**Data listing**
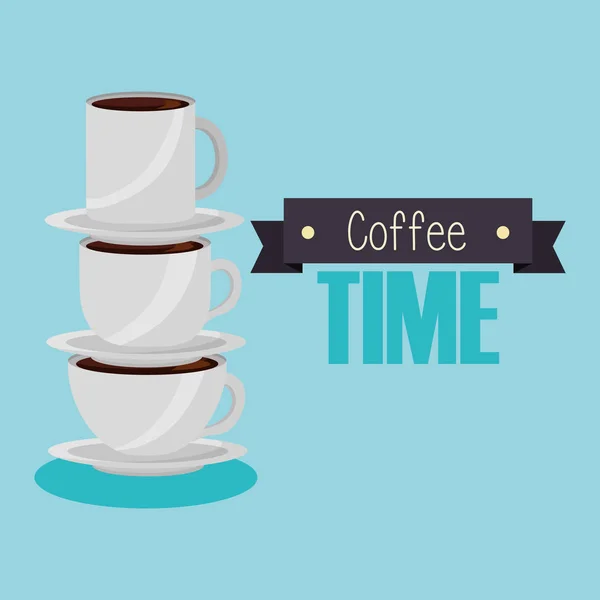 Koffie cups vector ontwerp — Stockvector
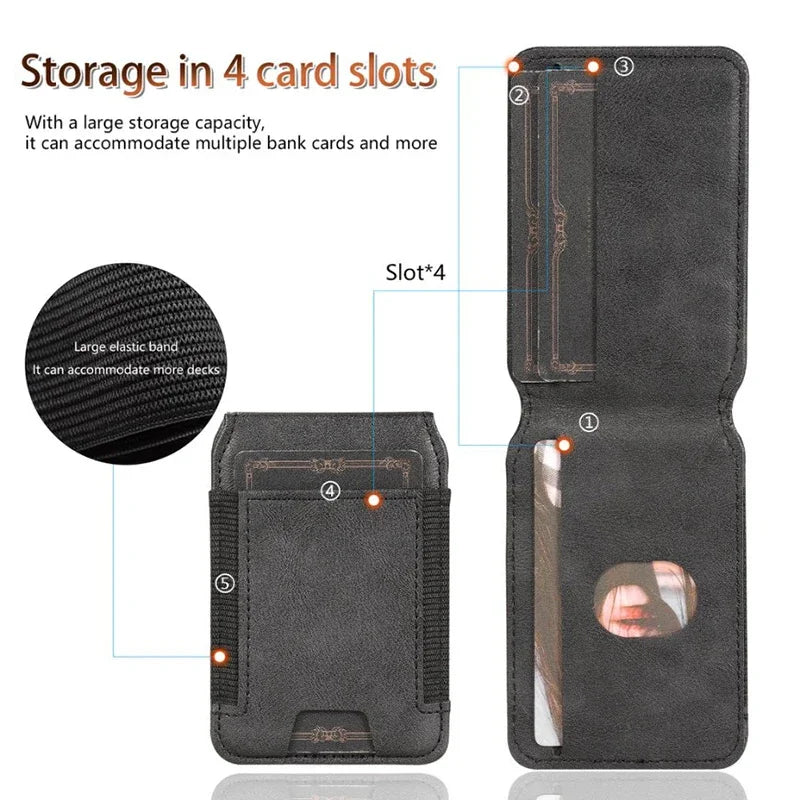 2-in-1 MagSafe Leather Wallet Case with Card Holder for Samsung Galaxy Z Fold 7
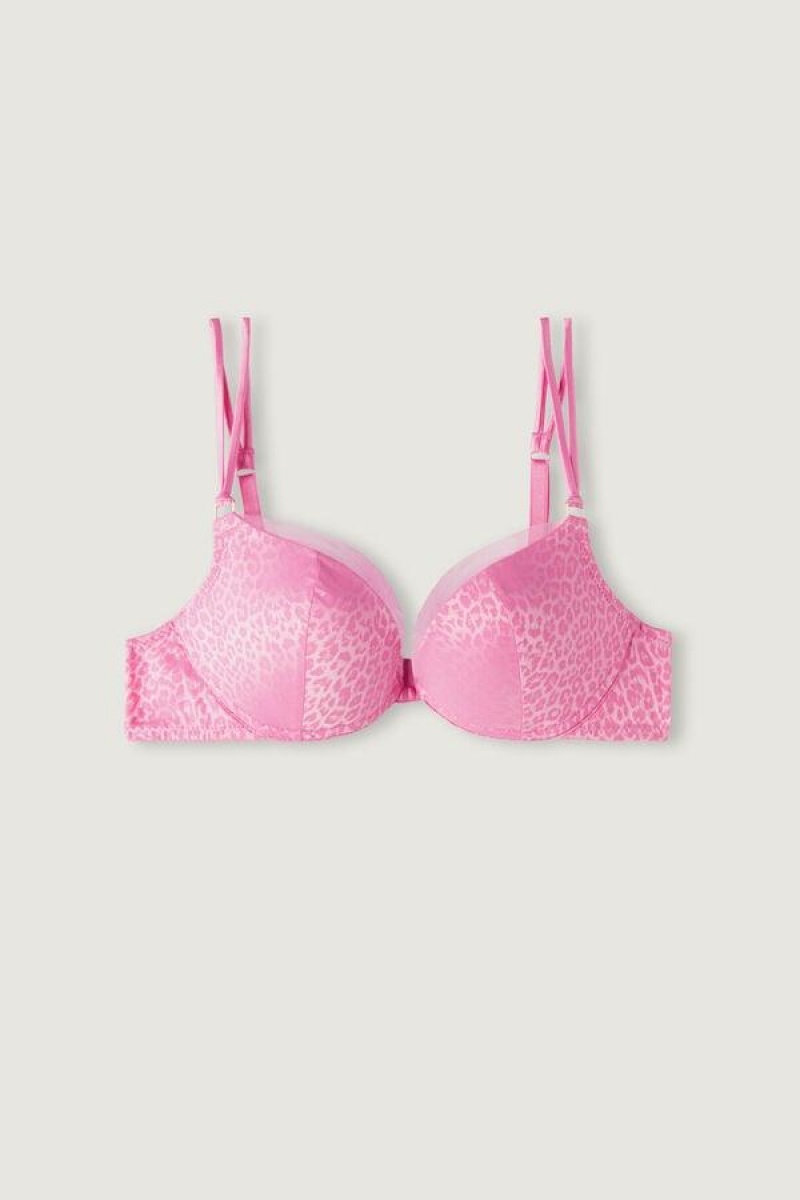 Intimissimi Cool Minimal Simona Super Push-up Ženske Grudnjaci Roze | HR 1274EXG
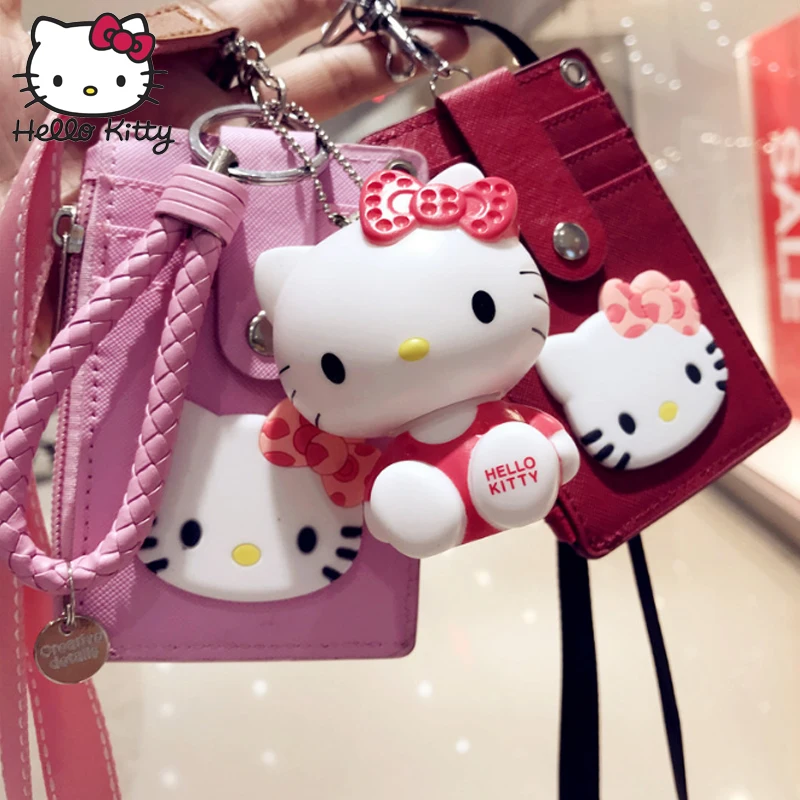 Держатель для монет Hello Kitty удобный плюшевый Кошелек с отделением и карт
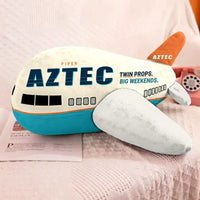 Thumbnail for Piper PA-23-250 Aztec - Cartoon - Airplane Pillow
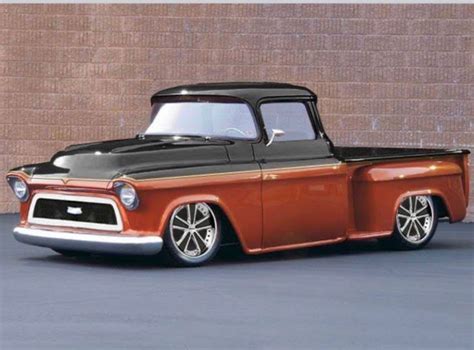 Hot Rod 57 Chevy Trucks Classic Chevy Trucks Chevy Trucks
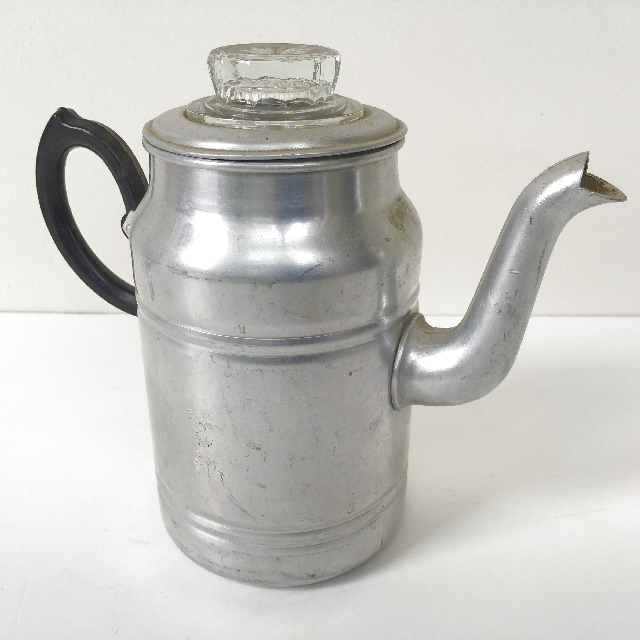 COFFEE POT, Aluminium Ribbed 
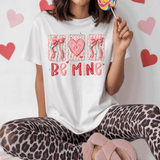 Comfort Colors® Be Mine heart Puff Vinyl, 3d Embossed Valentines Day Shirts, Be Mine sweatshirts, Trending Faux YARN Shirts, Lovers Gift, MOM gift, Latch Hook Sweatheart Day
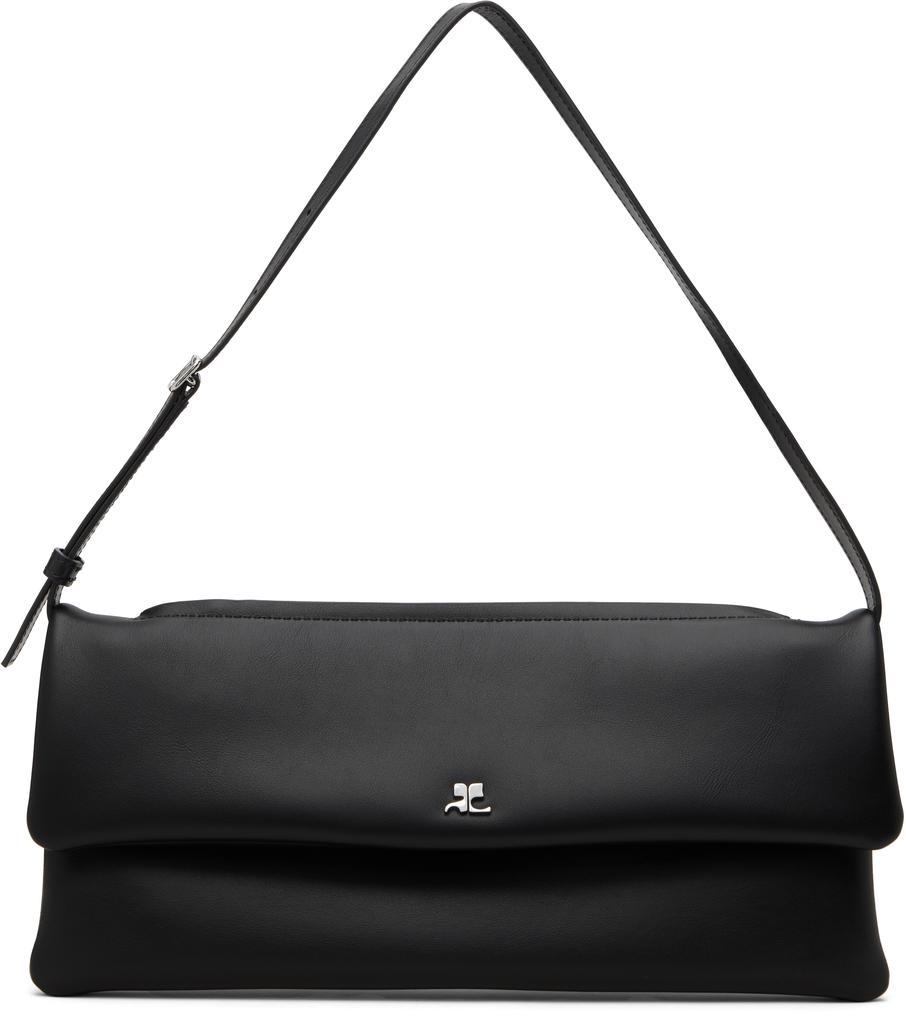 Courrèges Black Cuff Leather Clutch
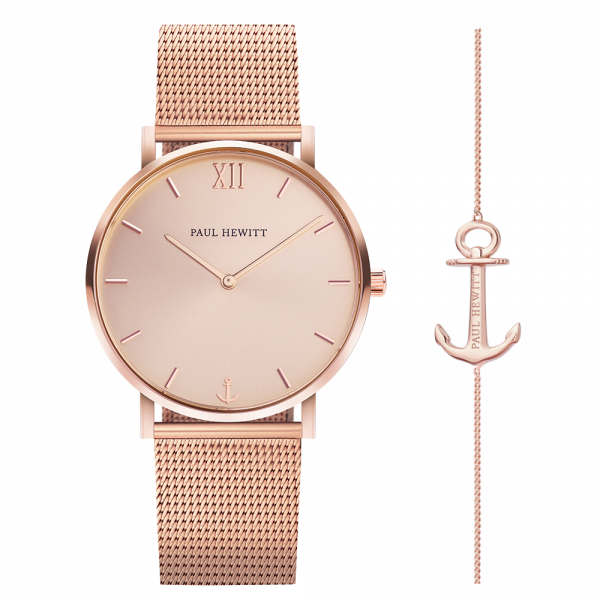 Paul Hewitt Set Sailor Rose Sunray & Anchor Spirit - Paul Hewitt Rose Gold Watch (600x600), Png Download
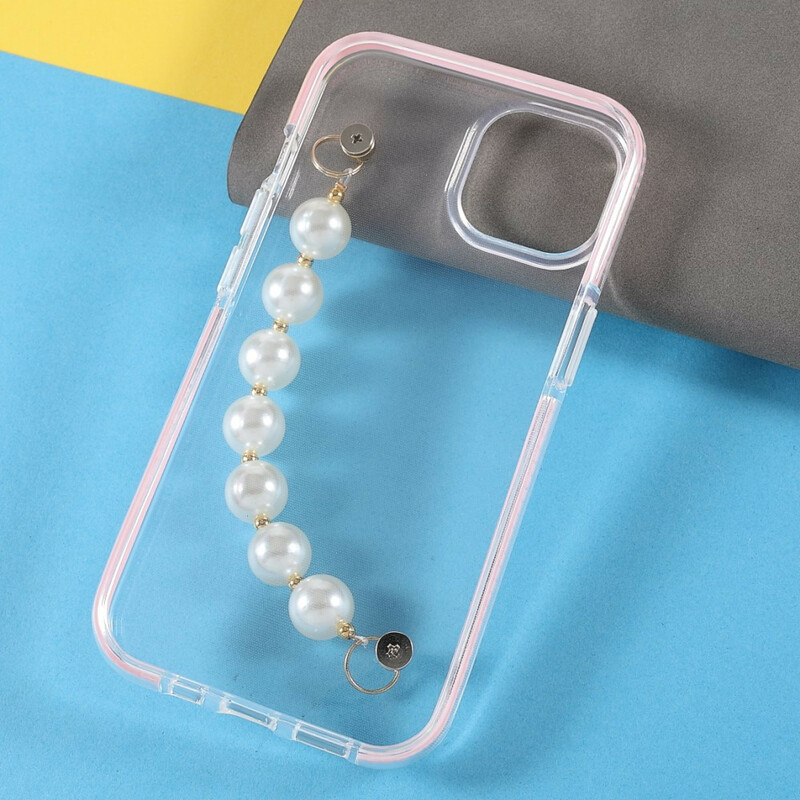 Funda de silicona para iPhone 13 cuentas de pulsera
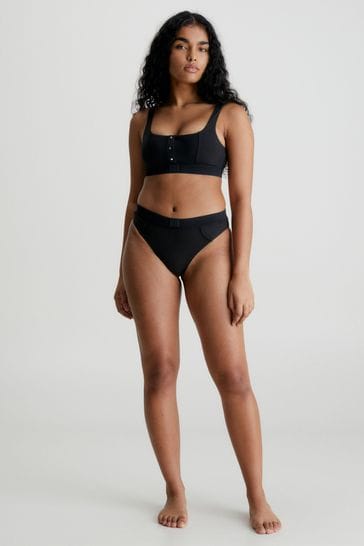 Buy Calvin Klein Black Rib Bikini Top from Next USA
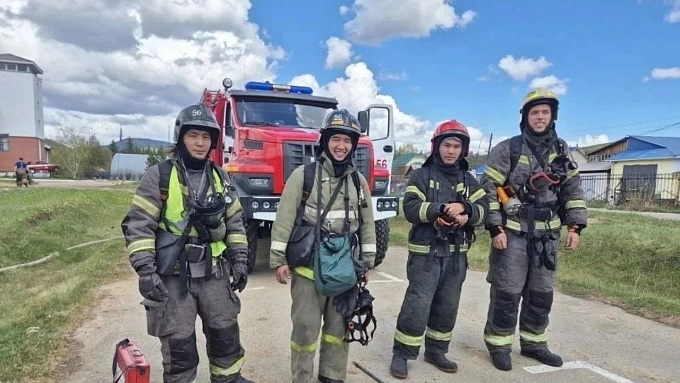 Три пожара потушили за сутки в Бурятии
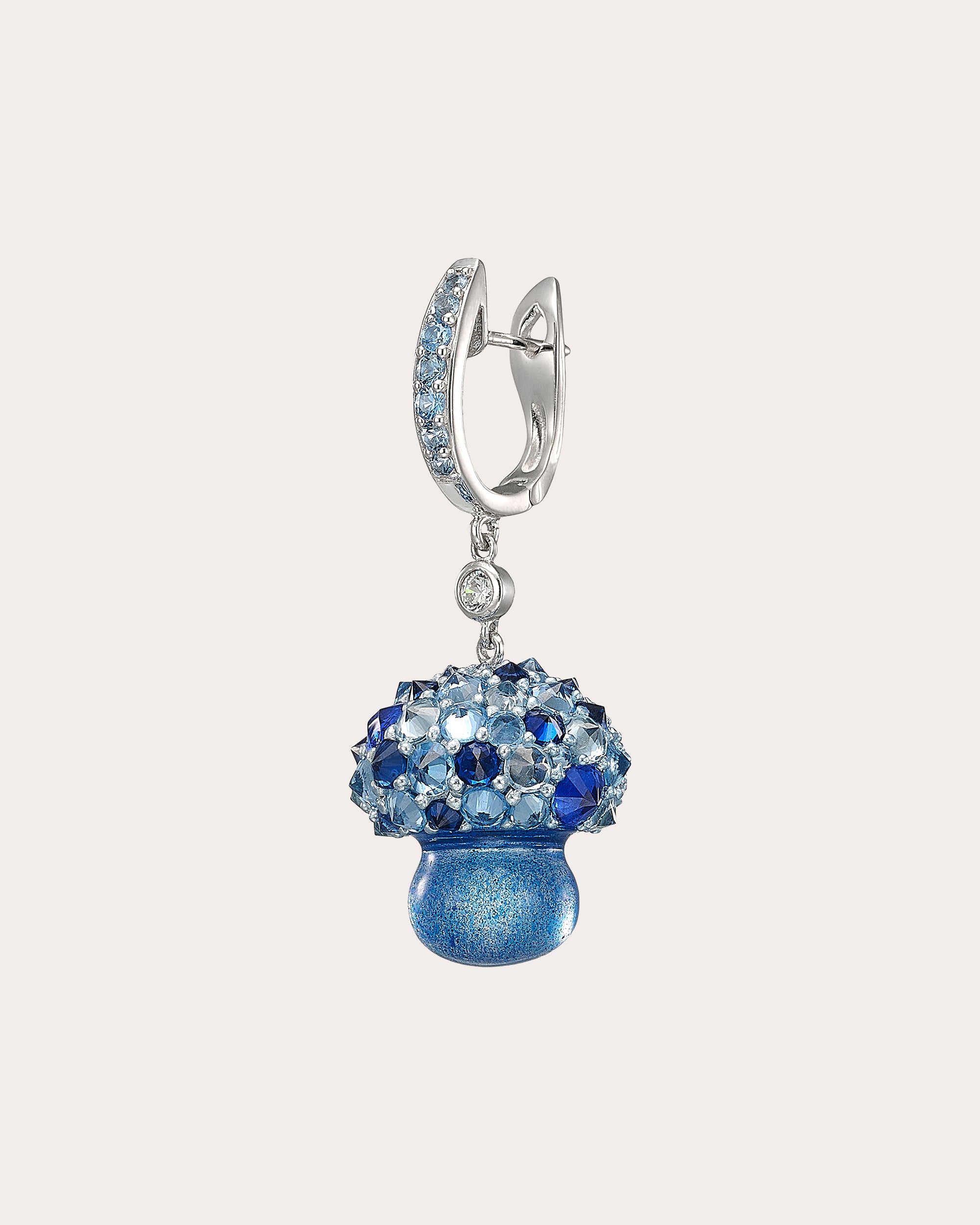 Blue Spirulina Fruit Gem™ Virosa Drop Earrings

**What is expected**
In your copy, the listing above should appear word for word, with no images.

**Solution to this problem**
 Koffie cups vector ontwerp — Stockvector
 2-in-1 MagSafe Leather Wallet Case with Card Holder for Samsung Galaxy Z Fold 7
 Intimissimi Cool Minimal Simona Super Push-up Ženske Grudnjaci Roze | HR 1274EXG
 Держатель для монет Hello Kitty удобный плюшевый Кошелек с отделением и карт
 Thumbnail for Piper PA-23-250 Aztec - Cartoon - Airplane Pillow
 Hot Rod 57 Chevy Trucks Classic Chevy Trucks Chevy Trucks
 COFFEE POT, Aluminium Ribbed 
 Comfort Colors® Be Mine heart Puff Vinyl, 3d Embossed Valentines Day Shirts, Be Mine sweatshirts, Trending Faux YARN Shirts, Lovers Gift, MOM gift, Latch Hook Sweatheart Day
 Courrèges Black Cuff Leather Clutch
 Paul Hewitt Set Sailor Rose Sunray & Anchor Spirit - Paul Hewitt Rose Gold Watch (600x600), Png Download
 Funda de silicona para iPhone 13 cuentas de pulsera
 Buy Calvin Klein Black Rib Bikini Top from Next USA
 Три пожара потушили за сутки в Бурятии
 Blue Spirulina Fruit Gem™ Virosa Drop Earrings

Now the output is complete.